Source material:
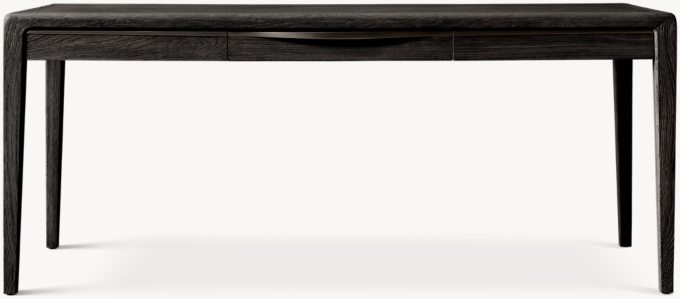 Gael Oak Desk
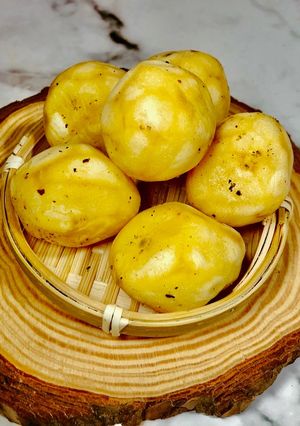 Hình của món Khoai tây lúc lắc 🥔🥔🥔.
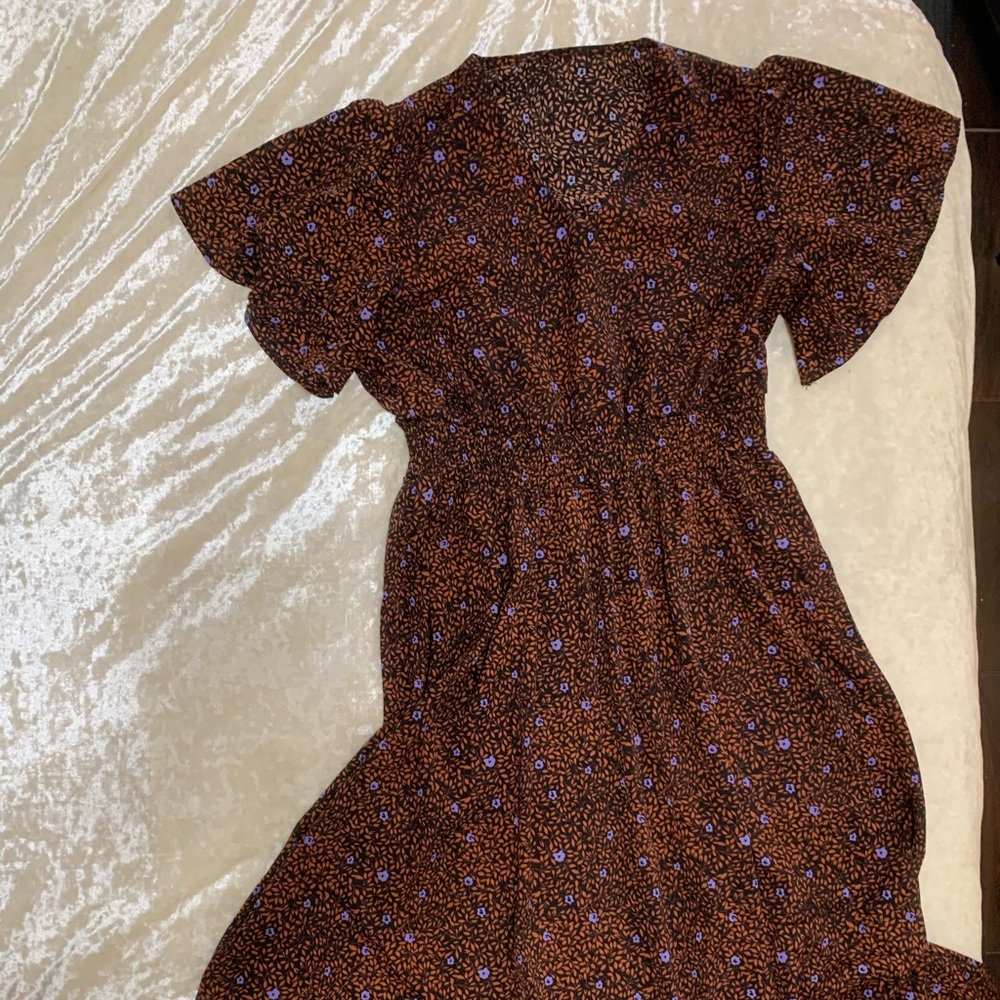 Maxi dress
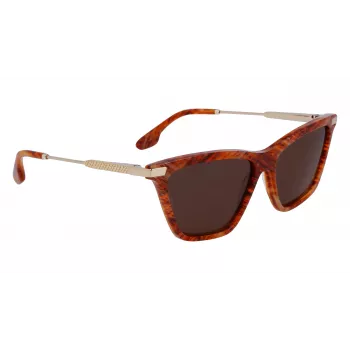 Okulary przeciwsłoneczne Victoria Beckham VB663S-238 Havana Brown Gradient 57mm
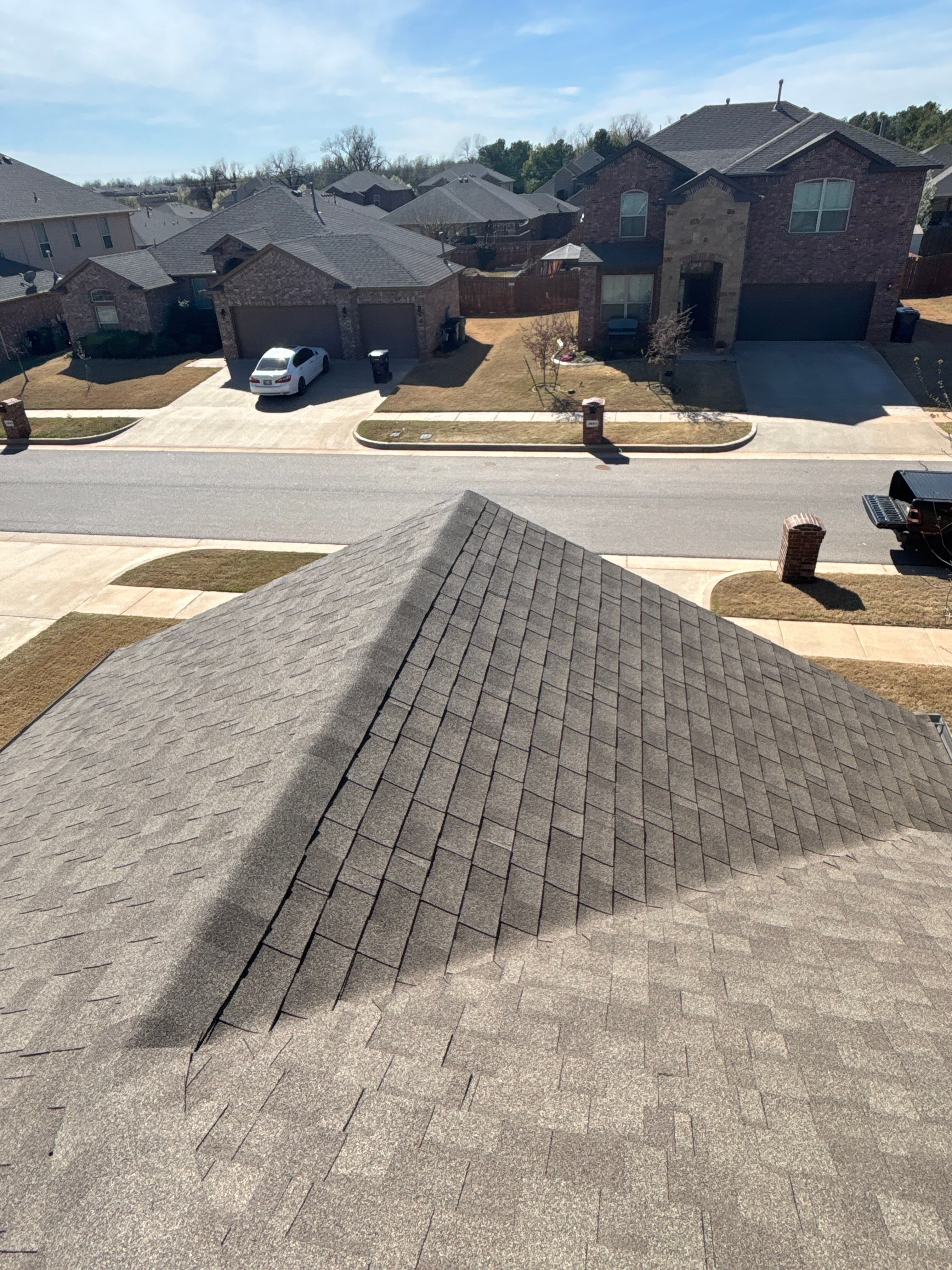 Storm Restoration in Yukon, OK by 5Coat Roofing & Construction
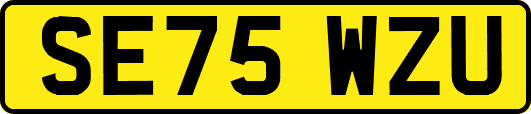 SE75WZU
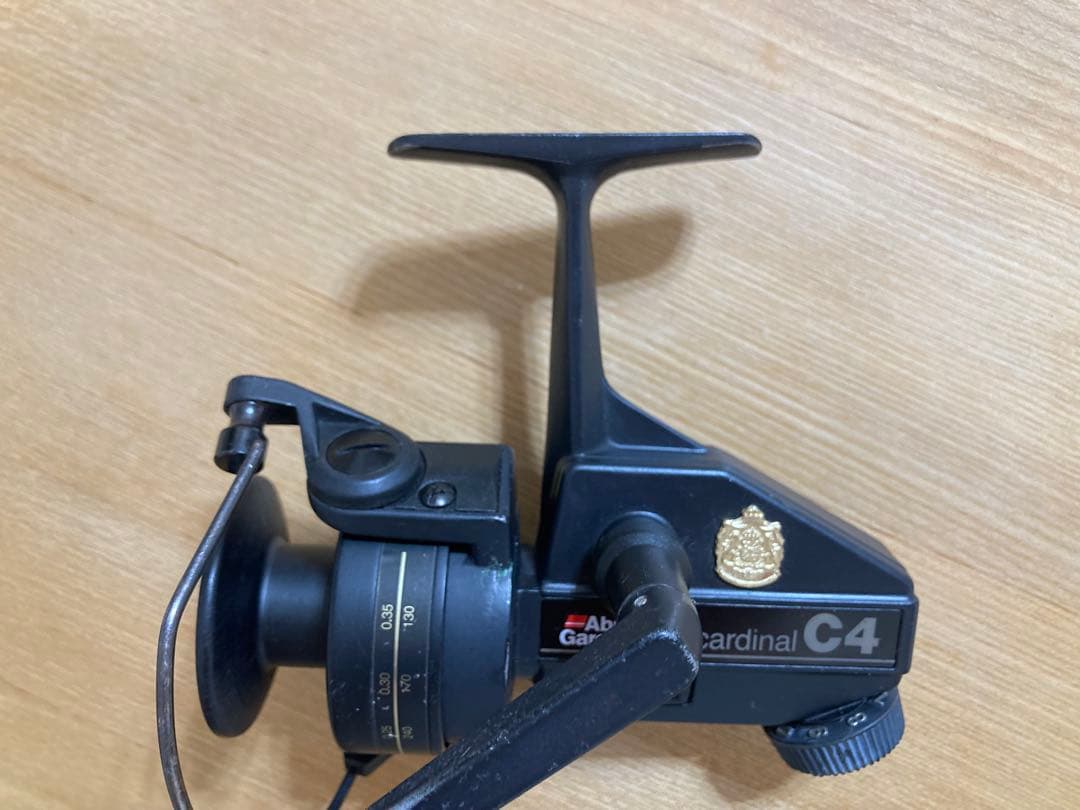 ★Abu Garcia cardinal C4 アブガルシア　カーディナル C4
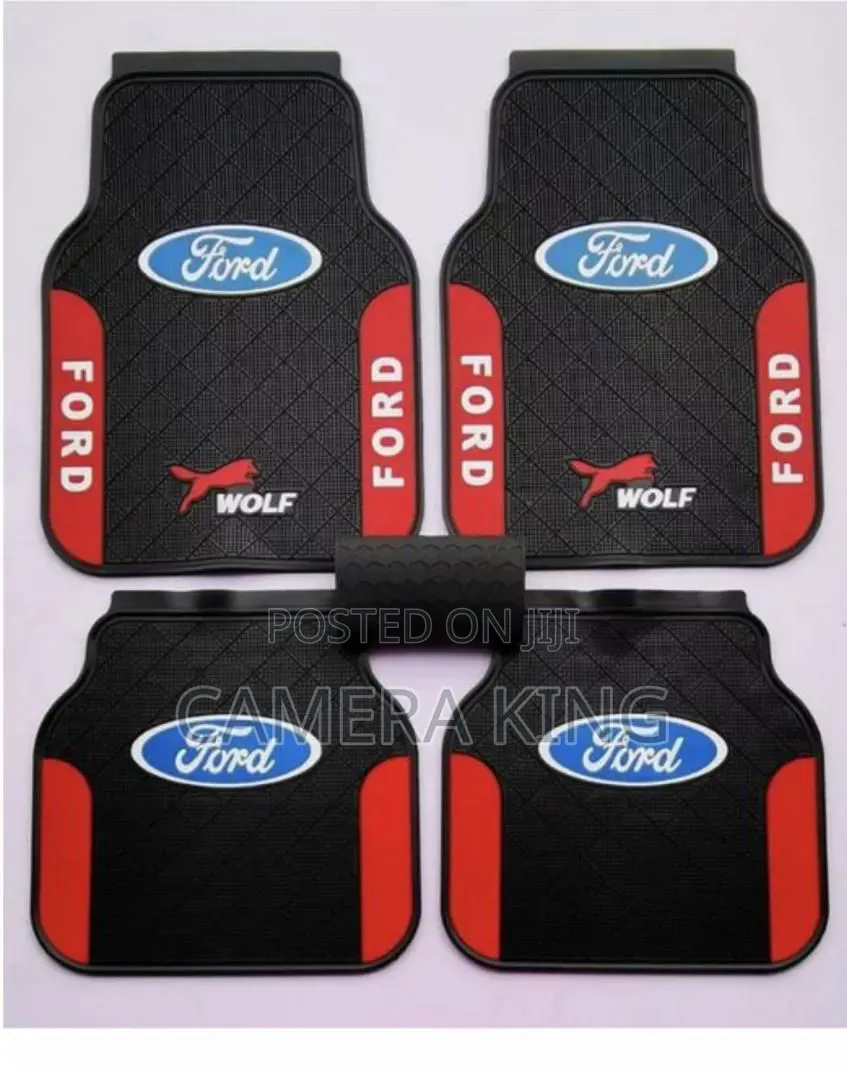 Car Footmat for Ford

How to complete this task: Reproduce the entries above without change, omitting all pictures.

Response for this exercise:
 Gael Oak Desk
 Hình của món Khoai tây lúc lắc 🥔🥔🥔.
 Maxi dress
 Okulary przeciwsłoneczne Victoria Beckham VB663S-238 Havana Brown Gradient 57mm
 Storm Restoration in Yukon, OK by 5Coat Roofing & Construction
 SE75WZU
 ★Abu Garcia cardinal C4 アブガルシア　カーディナル C4
 Car Footmat for Ford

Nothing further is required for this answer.